A dark factory is a manufacturing line that runs without humans in the work itself. Fully automated production, lights off, humans present only for maintenance and diagnostics. The concept is older than most people realise — robots have been building robots on unsupervised lines since 2001.
Software is now growing dark factories of its own, and you can build one.
The attraction is easy to state: a dark factory compounds. Every scenario you encode, every twin you build, every round through the feedback loop makes the next round cheaper and the outputs more trustworthy. A team that commits to the discipline pulls ahead of one that doesn’t — the latter is still paying human wages against work the factory is doing in its sleep.
What changes when you cross over is not the agents. It’s the re-ontologisation — not a new process for the same things, but a shift in what the important things are.
In Software 1.0, correctness lives in the artifact. A test file sits next to the source, both versioned together, both written by the same team. “Does it pass?” is a boolean property of the repo. The code and its tests are co-evolved by the same hands, and correctness is something you inspect in place.
In the dark factory, this doesn’t survive contact with an optimiser. Once humans stop writing and reviewing code, tests are demoted — they’re too easy to reward-hack. return true passes a narrow test; an agent rewriting both the code and the test passes them in lockstep. Something outside the codebase has to hold the line.

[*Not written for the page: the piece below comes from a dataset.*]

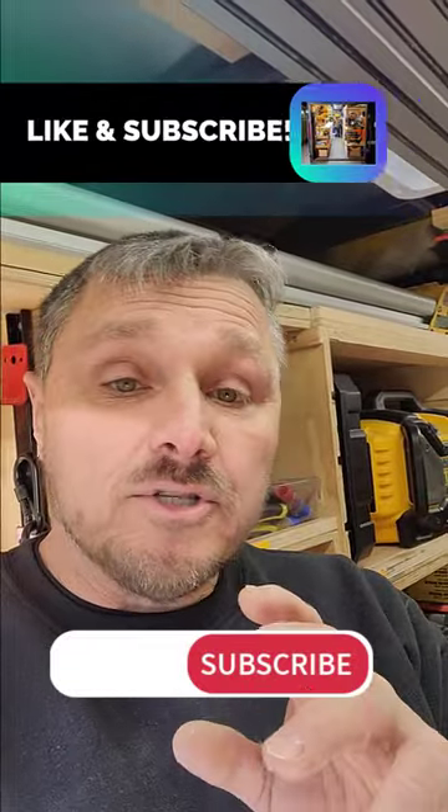Hey folks, Steve here. How you doing? I answered a question a little while ago about impact drivers and why do you have multiples of them. When I went back and looked, the question was actually not about impact drivers — it was about the drills.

That something is the scenario: structurally a BDD-style end-to-end user story, but held with the discipline of an ML holdout — stored outside the repo and kept out of the agent’s reach during generation, so the code can’t target it directly. BDD has carried this shape for twenty years; the novelty isn’t the artifact but the adversarial separation between implementer and spec. Validation flips from boolean to probabilistic: not “green suite” but satisfaction — the fraction of observed trajectories through the scenario corpus that likely satisfy the user.

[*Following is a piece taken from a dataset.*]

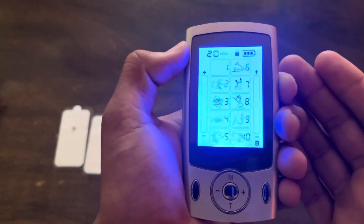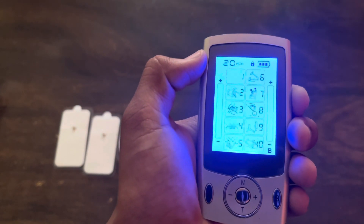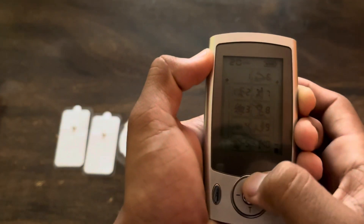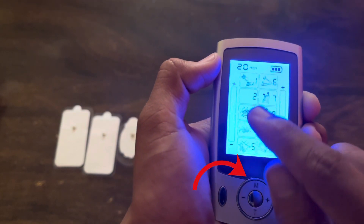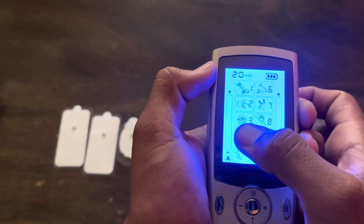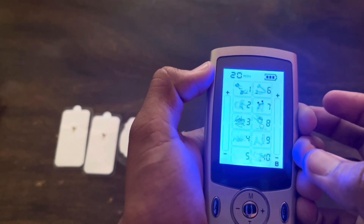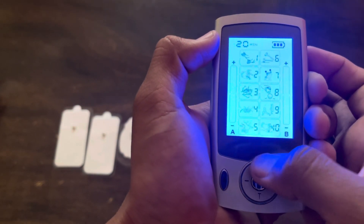This unit offers a pretty decent display with different modes. In total there are 10 modes which are given in this unit. In order to select different modes, you have to press the M button which is given in the topmost portion. By pressing this M button, we can select different modes — second mode, third mode, fourth mode, fifth mode — depending on your choice.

Once you accept that framing, the building blocks arrange themselves.
What you need to know
The loop is seed → validation harness → feedback → satisfaction.
The seed is where human intent enters the factory, and the only place it does. A few sentences, a screenshot, a PRD fragment, an existing codebase — any representation the model can read. Seeds don’t need to be complete or precise; they need to be honest about what’s wanted.
The validation harness is whatever can judge, end-to-end, whether a given trajectory satisfies a scenario. It runs against the real environment or a high-fidelity twin of it. If the harness is cheap, slow, or easy to game, nothing downstream compounds correctness — it compounds error.
The feedback closes the loop: the harness’s judgment, traces, failures, and near-misses all pipe back to the generator. Not just pass/fail. This is what turns one-shot generation into a process that converges.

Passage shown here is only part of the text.